With Target's Canadian debut and Walmart's continued growth, retail and consumer companies have been forced to act and adapt to a new competitive landscape.

One grocery retailer looking to differentiate itself from other conventional players is Metro. The chain's CEO Eric la Flèche told attendeees the grocer is looking to roll out a "premium conventional store concept" in the Greater Toronto Area over the next year or two.

“That’s our plan to have a better premium Metro differentiation," said la Flèche But the key he said is to have the right offer with the right people.

The strategy for Metro on the conventional side is to continue to invest every year to upgrade the Metro network to raise the customer experience. "It’s about fresh, service, and a nice ambiance," said la Flèche.

With its discount banner Food Basics, la Flèche said the banner has always been very competitive on price (on key grocery items), but hasn't been getting credit for it.

Unlike other discounters, Food Basics doesn’t ad match, instead it goes with its in stock guarantee. “We don’t ad match an item you don’t have isn’t a great customer experience,” he said.

READ: Metro launches in stock guarantee at Food Basics stores

However, la Flèche said they’re currently running a test with ad matching in a small market and will see how it operates.

As for the proposed code of conduct for grocery, la Flèche doesn’t see the need at this stage.

READ: La Flèche rejects calls for Ottawa to impose code of conduct

On the M&A front, with ethnic grocery in Ontario focusing on South Asian and Asian consumers, la Flèche said he is “looking at options, and the Adonis-type transaction could happen with an Asian partner but it’s still at the study stage.” As well, Metro will open a second Adonis store in Ontario in May.

Meanwhile, Sobeys' CEO Marc Poulin, identified fiscal 2014 as a “transformative year” for the company.

The launch of the “Better Food for All” campaign, the unveiling of the first Sobeys Extra store in Burlington, and the acquisition of Safeway Canada this past November has given Sobeys a solid infrastructure to build on in the coming months.

READ: Sobeys unveils its latest store, with food discovery and more

Poulin noted the first priority in the Safeway Canada acquisition is to successfully achieve system integration — including converting transaction resources and POS systems — and they are working on educational and training programs, as their success will depend on open dialogue among Safeway and Sobeys colleagues.

Full integration is currently being done “on-time and on target” but Sobeys will continue to provide progress updates.

A new brand tagline and new spokesperson have been integral to Sobeys marketing plan this year.

Poulin identified three customer segments that represent two third of their customer base — the fresh food enthusiasts, the fresh and savvy, and the packaged meal lover. The Better Food for All campaign, championed by celebrity chef Jamie Oliver, is meant to empower, enable and motivate Canadians to eat better.

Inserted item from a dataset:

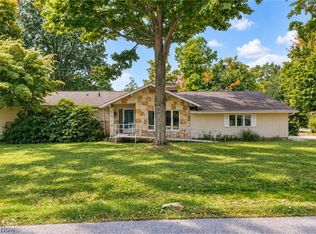 5561 Ericson Ln, Willoughby, OH 44094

“The acquisition has given a new platform for growth, and we’re excited for synergy plan we have developed,” Poulin concluded. “We’re well-positioned for long-term sustainable growth. We have a lot to deliver in the oncoming years, but we’re committed to do so.”

Next, the current darling in the retail sector, continue to show its might within the the dollar store space. Michael Ross, Dollarama’s CFO, said that it is almost five times larger than its next competitor.

He attributed the chain’s success to a simple growth-oriented business model that is driven by its direct sourcing capabilities, disciplined execution and growth strategy.

Ross pointed to these three key drivers that enable the chain to grow sustainably and deliver superior results: growing its store network while making existing stores continue to perform; reaping benefits of productivity initiatives; and the responsible use of its cash.

In the past two years, Dollarama has opened 80 stores per year.

He said the Canadian market is still under penetrated (in dollar stores), and Dollarama sees longer term potential for possibly 1,200 additional stores with room for growth, especially in Ontario and western Canada in particular, said Ross.

One initiative that has helped drive same store sales has been its multi price point strategy launched in 2009 and expanded in 2012.

The chain also refreshes 25% to 30% of its SKUs every year to ensure customers always have something new every week.

To open a Dollarama store, it’s a cookie cutter approach, said Ross. He said they’ve had the same shelves for the last 20 years.

He also said the cost to open a 10,000 sq. ft. outlet is $600,000 with inventory. And when the sales ramp up, after two years they're able to pay that down, cash on cash.

Interestingly, when it comes to key locations, Ross said they look to be near prime anchors, with top performers near Walmart stores.